Problem to work on:
Exact reproduction of the listing is required. Pictures are not reproduced.

Stored data:
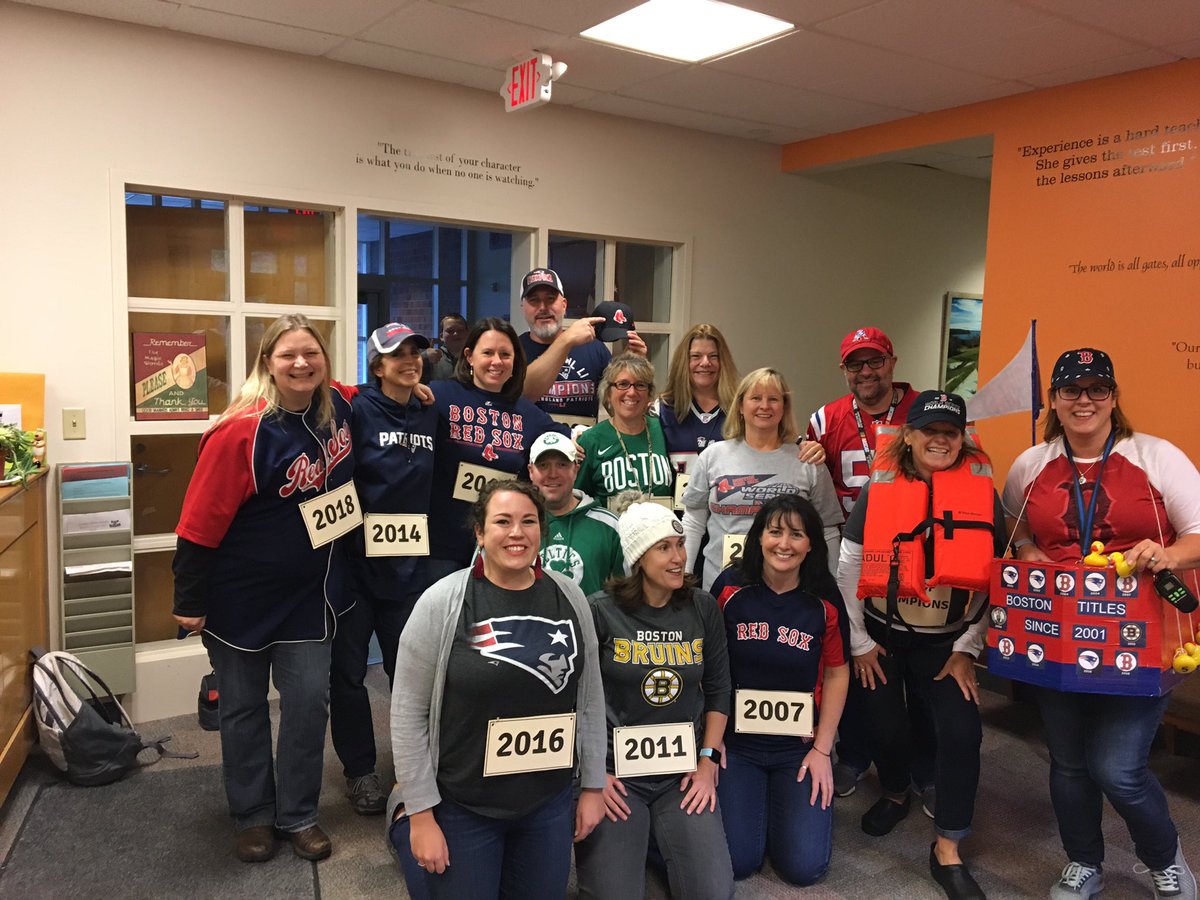 IMSMathGr6's tweet photo. #cityofchampions 
#RedSoxNation 
@IpswichPublic 
Team 6 City of Champions inspired Halloween costume complete with a duck boat! https://t.co/Boku3xYeDG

Output of the exercise:
 IMSMathGr6's tweet photo. #cityofchampions 
#RedSoxNation 
@IpswichPublic 
Team 6 City of Champions inspired Halloween costume complete with a duck boat! https://t.co/Boku3xYeDG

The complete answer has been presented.